La Corte europea si pronuncia sull'embrione umano: una sentenza al di là di ogni ideologia

di Maria Teresa Lattarulo. Con sentenza del 18 ottobre 2011 la Corte di Giustizia dell’Unione Europea si è pronunziata sulla nozione di embrione.
Il caso concreto riguardava un trattamento per la cura del morbo di Parkinson brevettato da un ricercatore tedesco e ricavato da cellule staminali embrionali mediante un processo che comportava la distruzione dell’embrione, sia pur ad uno stadio iniziale di sviluppo (blastocisti). La registrazione del brevetto era stata annullata dall’organo competente, su ricorso di Greenpeace, in applicazione della direttiva 98/44/CE sulla "Protezione giuridica delle invenzioni biotecnologiche" la quale vieta la brevettabilità di invenzioni che comportino la distruzione di embrioni umani.

Il ricercatore aveva quindi fatto ricorso al Tribunale federale tedesco in materia di brevetti contestando che la blastocisti potesse essere considerata embrione ed il Tribunale aveva rimesso la questione alla Corte di Giustizia.

La nozione di embrione accolta dalla Corte di Giustizia nella sentenza in oggetto è la più ampia possibile e si estende all’ovulo fecondato fin dal primo istante della fecondazione, in quanto il processo di sviluppo della cellula conduce alla formazione dell’organismo umano. Essa inoltre comprende anche l’ovulo non fecondato, ma nel quale sia stato impiantato il nucleo di una cellula umana matura, nonché l’ovulo non fecondato indotto a dividersi e svilupparsi per partenogenesi.

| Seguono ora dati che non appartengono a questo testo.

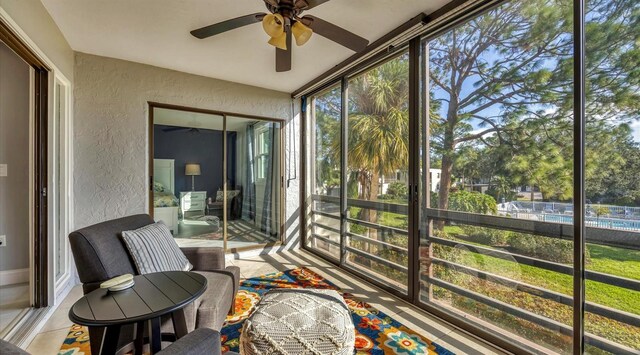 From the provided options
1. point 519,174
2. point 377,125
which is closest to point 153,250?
point 377,125

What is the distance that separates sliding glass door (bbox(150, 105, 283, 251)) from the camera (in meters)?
3.48

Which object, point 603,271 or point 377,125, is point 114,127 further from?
point 603,271

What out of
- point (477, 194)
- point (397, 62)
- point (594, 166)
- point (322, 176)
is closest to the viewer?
point (594, 166)

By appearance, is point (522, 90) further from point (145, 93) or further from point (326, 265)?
point (145, 93)

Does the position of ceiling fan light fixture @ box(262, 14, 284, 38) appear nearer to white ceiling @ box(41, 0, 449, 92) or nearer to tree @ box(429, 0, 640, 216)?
white ceiling @ box(41, 0, 449, 92)

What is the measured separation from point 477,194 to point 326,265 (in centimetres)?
211

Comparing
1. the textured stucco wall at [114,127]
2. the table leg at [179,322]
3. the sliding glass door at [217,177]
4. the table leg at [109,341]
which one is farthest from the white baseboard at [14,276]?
the table leg at [179,322]

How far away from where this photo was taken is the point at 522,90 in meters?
1.75

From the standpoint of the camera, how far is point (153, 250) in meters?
1.80

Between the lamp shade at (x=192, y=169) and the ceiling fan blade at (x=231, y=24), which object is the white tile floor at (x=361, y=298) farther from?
the ceiling fan blade at (x=231, y=24)

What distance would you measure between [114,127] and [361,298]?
320 centimetres

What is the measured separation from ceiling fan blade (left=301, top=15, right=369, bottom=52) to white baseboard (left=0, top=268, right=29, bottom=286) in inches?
130

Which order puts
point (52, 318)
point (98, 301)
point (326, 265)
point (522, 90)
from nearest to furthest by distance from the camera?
point (98, 301)
point (522, 90)
point (52, 318)
point (326, 265)

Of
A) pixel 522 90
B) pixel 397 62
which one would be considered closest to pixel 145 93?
pixel 397 62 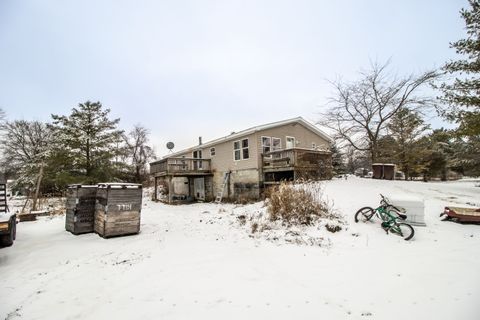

Tale definizione è stata subito oggetto di un vivace dibattito in quanto appare stranamente conforme con la nozione di embrione umano data dalla Chiesa cattolica.

Bisogna tener presente tuttavia che si tratta di una nozione finalizzata esclusivamente all’interpretazione del diritto comunitario e, in quanto tale, a differenza di quanto alcuni commentatori hanno prospettato, non può avere ripercussioni sul diritto nazionale, in particolare sulla legge sull’aborto.

Inoltre non mi sembra si possa affermare che si tratti di una decisione “ideologica”: basti solo riflettere sul fatto che la vicenda giudiziaria ha avuto origine da un ricorso di Greenpeace che non può certo definirsi un’organizzazione di ispirazione cattolica.

Credo che tale vicenda debba piuttosto condurci a riflettere sull’opportunità di liberarci dei condizionamenti ideologici che ci derivano dalla storica contrapposizione avutasi, nel nostro Paese, fra il pensiero della Sinistra e quello della Chiesa cattolica: appare ormai limitante pensare che la tutela dell’essere umano e della sua dignità nei confronti delle manipolazioni genetiche anche a scopi commerciali e di lucro debba essere necessariamente una questione cattolica anziché essere una questione di tutti e, perché no, anche una questione “di sinistra”.